The prologue introduces us to this new world, showing how the empire came to be and why there are people who oppose it. Afterwards, a man named Silas (Arturo Lizardi), a traveling quill (i.e., detective), makes his way to the palace, where he meets up with Empress Voice (Migdalia Rosario). She gives him the rules of residing in the palace, as Silas is there to question people over the disappearance of Empress Voice’s daughter. In particular, he’s there to talk to the daughter’s bodyguard, Mute (Hector Escudero Lobe), who has already been arrested as the main suspect. It turns out that Mute is Silas’ brother and that the quill might have ulterior motives to being at the palace.
What Trail of Ashes fails to do is give the characters any development outside of sad backstories. The majority of the fantasy-mystery focuses on Silas and Mute’s dynamic, but it doesn’t mean anything since their relationship wasn’t shown previously or even told about in passing. None of the other characters are given any actual development either, but it’s especially bad with Silas and Mute since they’re the most prominent characters in the film.
“…Silas is there to question people over the disappearance of Empress Voice’s daughter.”
As for worldbuilding, there sadly isn’t much of it. Outside of the opening scene, very little of the empire is seen; there are mainly just two sets used to an obsessive degree. On top of that, there are virtually no wide shots, adding to the closed-off nature of this world. This doesn’t seem to be by design since the empire is made out to be a force to be reckoned with.
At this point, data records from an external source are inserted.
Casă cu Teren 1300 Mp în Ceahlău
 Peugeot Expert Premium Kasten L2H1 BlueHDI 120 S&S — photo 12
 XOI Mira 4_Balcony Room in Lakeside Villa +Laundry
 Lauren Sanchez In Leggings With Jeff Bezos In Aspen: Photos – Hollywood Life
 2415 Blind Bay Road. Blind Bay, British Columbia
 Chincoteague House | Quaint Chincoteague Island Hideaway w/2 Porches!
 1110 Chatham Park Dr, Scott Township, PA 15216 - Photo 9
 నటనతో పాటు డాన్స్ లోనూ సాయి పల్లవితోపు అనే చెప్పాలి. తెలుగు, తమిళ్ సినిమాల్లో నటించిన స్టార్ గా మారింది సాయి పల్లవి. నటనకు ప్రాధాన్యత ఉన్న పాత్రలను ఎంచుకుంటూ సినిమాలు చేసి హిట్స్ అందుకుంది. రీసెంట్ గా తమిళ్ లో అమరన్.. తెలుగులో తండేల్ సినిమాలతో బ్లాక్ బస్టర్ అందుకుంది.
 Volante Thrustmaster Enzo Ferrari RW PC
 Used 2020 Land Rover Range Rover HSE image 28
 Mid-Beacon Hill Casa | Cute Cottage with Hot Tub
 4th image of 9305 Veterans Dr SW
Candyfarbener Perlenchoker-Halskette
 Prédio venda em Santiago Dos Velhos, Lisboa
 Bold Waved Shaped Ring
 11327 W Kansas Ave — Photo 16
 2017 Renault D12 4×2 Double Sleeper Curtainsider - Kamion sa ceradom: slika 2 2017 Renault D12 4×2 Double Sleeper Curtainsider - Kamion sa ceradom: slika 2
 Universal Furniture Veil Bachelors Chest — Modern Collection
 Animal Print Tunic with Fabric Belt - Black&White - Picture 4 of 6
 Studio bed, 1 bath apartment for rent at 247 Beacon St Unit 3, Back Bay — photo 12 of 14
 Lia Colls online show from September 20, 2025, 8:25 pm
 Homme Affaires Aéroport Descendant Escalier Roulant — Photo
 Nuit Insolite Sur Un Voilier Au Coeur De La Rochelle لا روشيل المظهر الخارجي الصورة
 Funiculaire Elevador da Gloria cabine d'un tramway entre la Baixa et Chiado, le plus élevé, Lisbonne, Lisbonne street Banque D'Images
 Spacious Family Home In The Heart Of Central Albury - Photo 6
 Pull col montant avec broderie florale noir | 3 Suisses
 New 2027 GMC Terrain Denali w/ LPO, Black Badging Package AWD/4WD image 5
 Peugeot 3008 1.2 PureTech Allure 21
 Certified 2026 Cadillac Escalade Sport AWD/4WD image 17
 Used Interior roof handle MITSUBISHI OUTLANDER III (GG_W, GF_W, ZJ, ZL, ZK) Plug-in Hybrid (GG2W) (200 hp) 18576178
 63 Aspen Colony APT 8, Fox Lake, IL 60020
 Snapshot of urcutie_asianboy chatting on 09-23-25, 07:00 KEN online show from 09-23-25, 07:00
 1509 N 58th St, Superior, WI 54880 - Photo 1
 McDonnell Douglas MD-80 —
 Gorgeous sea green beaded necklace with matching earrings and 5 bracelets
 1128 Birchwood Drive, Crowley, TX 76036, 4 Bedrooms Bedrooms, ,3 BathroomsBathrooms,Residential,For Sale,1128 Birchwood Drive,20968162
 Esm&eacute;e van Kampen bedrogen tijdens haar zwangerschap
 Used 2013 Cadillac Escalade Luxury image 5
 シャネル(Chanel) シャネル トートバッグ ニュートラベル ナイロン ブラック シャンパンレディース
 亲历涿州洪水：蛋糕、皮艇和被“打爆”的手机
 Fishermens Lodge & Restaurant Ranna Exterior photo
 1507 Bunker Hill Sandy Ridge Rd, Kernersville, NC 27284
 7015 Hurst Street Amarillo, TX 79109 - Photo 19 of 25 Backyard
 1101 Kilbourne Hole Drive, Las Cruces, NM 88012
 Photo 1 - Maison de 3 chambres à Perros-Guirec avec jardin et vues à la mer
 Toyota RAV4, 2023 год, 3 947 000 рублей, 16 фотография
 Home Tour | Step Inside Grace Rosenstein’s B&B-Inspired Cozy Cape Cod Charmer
The music and costumes, on the other hand, are very good. There are really good uses of percussion and string melodies that convey the tone of each scene wonderfully. The costumes have interesting designs, engagingly hinting at the larger world never seen. So while the cinematography struggles to break from the confines of the limited setting, several shots are visually interesting.
Overall, there are some strong aspects to Trail of Ashes, which are made all the more impressive due to how small the budget was. It’s a shame that the writing falls short since there was some real promise to what this film could be. It’s not horrendously bad by any means, but there’s a lot of room for improvement.
"…the music and costumes, on the other hand, are very good."